II – La construction progressive du cadre réglementaire applicable aux crypto-actifs
2021 est marquée par d’importantes avancées sur la réglementation des marchés des crypto-actifs dans le monde. Ces initiatives sont impulsées par la même volonté : trouver l’équilibre afin de garantir la protection des utilisateurs d’une part, sans entraver l’épanouissement de l’innovation d’autre part.
En France :
- 28 prestataires de services sur actifs numériques (PSAN) sont désormais enregistrés auprès de l’AMF avec avis conforme de l’ACPR.
- Les exigences en matière de lutte contre le blanchiment et le financement du terrorisme (LCB-FT) applicable aux PSAN se renforcent : le décret du 2 avril 2021 prévoit que les prestataires enregistrés ou agréés et les émetteurs de jetons ayant obtenu le visa AMF doivent réaliser l’identification de leurs clients à chaque opération.
- L’Assemblée nationale adopte définitivement le projet de loi de finances pour 2022. Trois dispositions, prônées par l’Adan, sont votées en faveur de la fiscalité des actifs numériques.
Côté Vieux continent :
- Les discussions avancent à petits pas concernant la proposition de Règlement MiCA (Markets in Crypto-Assets). Si le 24 novembre, le Conseil de l’Union européenne a adopté sa position sur le texte, les discussions au Parlement européen s’éternisent, retardant d’autant le début du trilogue.

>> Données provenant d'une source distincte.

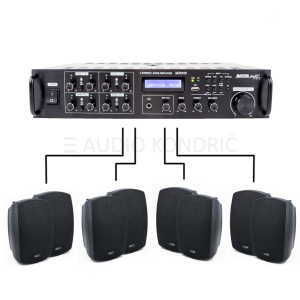 SET Kompletno ozvočenje MZ8100, 8 x EVO 6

- Un accord a été trouvé entre le Parlement européen et le Conseil de l’Union européenne sur le texte du régime pilote pour les marchés de security tokens, permettant de lever les obstacles réglementaires à l’émission et la négociation d’instruments financiers sur les réseaux blockchain.
- La Commission européenne dévoile sa réforme du dispositif de lutte contre le blanchiment et le financement du terrorisme (LCB-FT). Ce paquet législatif est composé de quatre textes et tend notamment à instaurer la travel rule dans le secteur des crypto-actifs, et instituer une nouvelle autorité européenne de régulation dédiée à la LCB-FT (l’AMLA).
Hors de nos frontières :
- Depuis le 7 septembre 2021 et l’entrée en vigueur de la “Lei Bitcoin”, le bitcoin est devenu une monnaie légale au Salvador.
- L’interdiction du minage en Chine mène de très nombreux mineurs à l’exode vers d’autres Etats. Selon certaines sources, 20% des mineurs de Bitcoin dans le monde seraient restés en Chine (l’Empire du Milieu ayant pesé jusqu’à 65% de la puissance de calcul de Bitcoin).
- Le 15 novembre, les Etats-Unis conviennent d’un projet de loi bipartite qui comprend un nouveau cadre fiscal pour le secteur des crypto-actifs.
- Après avoir validé le premier fond indiciel sur bitcoin (ETF de la société Proshares), la SEC reporte ses décisions sur deux autres ETF basés directement sur le prix au comptant du bitcoin.
- Le Trésor américain rend un rapport sur les stablecoins mettant en exergue la nécessité d’instaurer un cadre réglementaire clair à leur égard.
- Le régulateur des marchés financiers, la SEC, s’intéresse aux protocoles de finance décentralisée :
- Le 3 août, Gary Gensler (Président de la SEC) explique que la priorité législative devrait se concentrer sur le commerce et le prêt de crypto-actifs et les plateformes DeFi.
- En septembre, la SEC ouvre une enquête à l’égard de la plateforme Uniswap afin de mieux comprendre la manière dont les utilisateurs utilisent l’AMM (automated market maker) et la qualification des actifs qu’elle propose. Pour rappel, Uniswap avait déjà retiré certains actifs de sa plateforme pour mieux se conformer aux exigences réglementaires.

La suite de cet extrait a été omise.